Oil prices are trading near the lowest in five years at just over $60 a barrel in London, squeezing the finances of OPEC+ members. Amid the uncertain backdrop, eight key nations agreed again this month to freeze output levels during the first quarter, halting the dramatic supply revival they implemented last year.

In April, Riyadh and its partners stunned crude traders by rapidly restarting production idled since 2023 despite signs that world markets were comfortably supplied. Several delegates said the move was intended to claw back market share ceded in recent years to rivals like American shale drillers. 

The group’s biggest increase in December came from Iraq, which added 80,000 barrels a day to pump an average of 4.37 million barrels a day, according to the survey. That would leave Baghdad considerably above its agreed OPEC+ quota, though data used by the group indicates it’s complying with the target.

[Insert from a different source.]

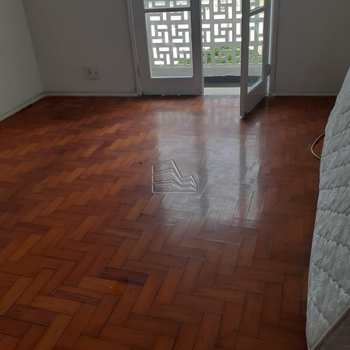 Apartamento em Santos, bairro José Menino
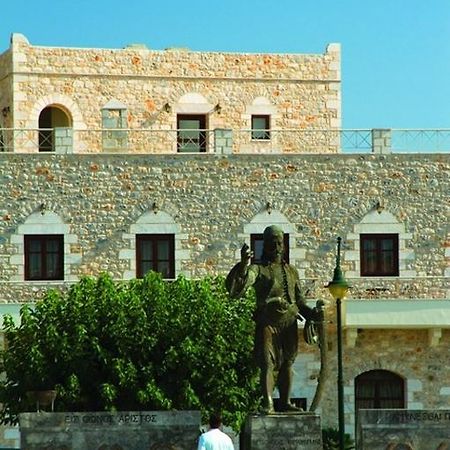 Areos Polis Boutique Hotel Areopoli Esterno foto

Before the latest pause, OPEC+ had formally agreed to restore about two-thirds of 3.85 million barrels a day of output halted since 2023, leaving about 1.2 million barrels-a-day of these tranches left to restart. 

The Saudis and seven of their main OPEC+ partners will hold a video conference on Feb. 1 to review output policy for the months ahead.

Bloomberg’s production survey is based on ship-tracking data, information from officials and estimates from consultants Rapidan Energy Group, FGE, Kpler and Rystad Energy.